Protip: if you’re writing a blog about writing, don’t undermine your own authority by revealing a profound ignorance of publishing. Acknowledgments of direct source material are not discretionary. They are made for legal reasons and to ward against accusations of plagiarism.
Thanks for the wisdom, MTM, but my point was that novelists must protect the integrity of their stories by not needlessly revealing sources.
No one in his right mind would question acknowledgments that are legally necessary. I assumed we had a common understanding of that, but apparently I should have spelled it out.
Again, my concern is about including sources not legally required. Not even publishers insist on this. My novel I Killed Hemingway drew heavily on several excellent biographies of Ernest Hemingway. I did not acknowledge any of them inside the book because to do so would have damaged the effectiveness of my concept–nor did St. Martin’s or Picador or their lawyers (!) even suggest it.
Novels are inventions; even when “fact-based” they enter the world as products of imagination.
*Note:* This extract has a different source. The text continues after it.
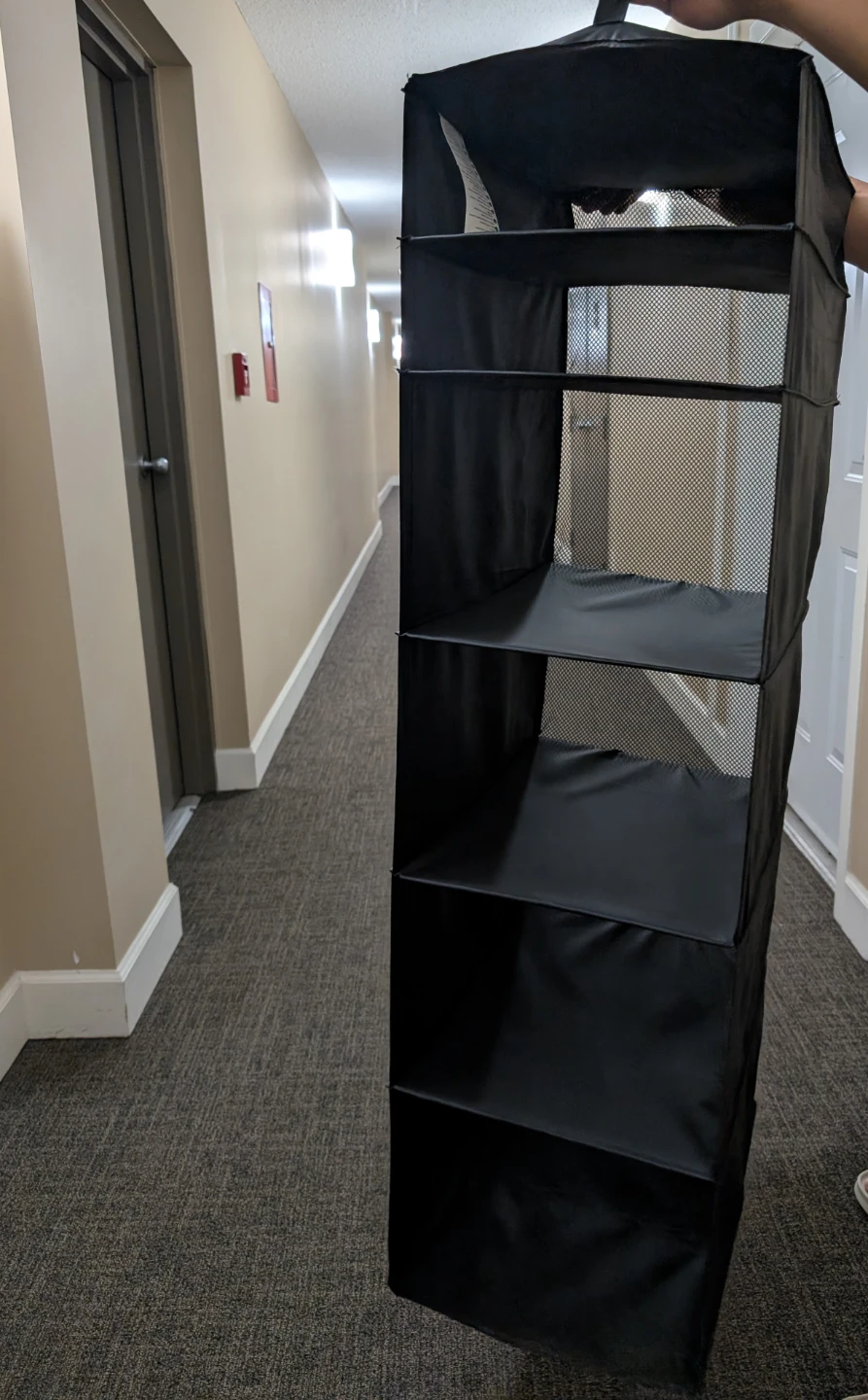 Black hanging closet organizer with 6 shelves - photo 2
That is a vulnerable state, and the point of my post was and is that novelists should be prepared to nurture and protect it. Where FICTION is concerned, that means resisting the urge to thank in print every source that ever inspired the writer.
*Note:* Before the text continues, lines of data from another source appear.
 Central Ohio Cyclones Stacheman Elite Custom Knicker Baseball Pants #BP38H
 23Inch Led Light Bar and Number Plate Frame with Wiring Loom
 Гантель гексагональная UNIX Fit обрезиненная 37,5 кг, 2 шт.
On occasion I’ve wrestled with my publishers over issues of permission and attribution. Sometimes I won, sometimes I lost. If I’ve learned anything, it’s how quickly house lawyers will run to tell you you’ve crossed a line. But that’s their job. It’s the novelist’s job to make their story as close to 100% successful as possible. Full stop.
I stand by my post.
A novelist is not obliged to acknowledge sources that serve as inspiration for an imagined story. This blogger is not talking about Doris Kearns Goodwin plagiarizing from a biography or anything like that. The commenter shoots arrows but is wrong when he accuses the blogger of “revealing an ignorance of publishing.” This anonymous commenter doesn’t understand the difference between fiction and biography or get that somebody can draw on a documented source without plagiarizing.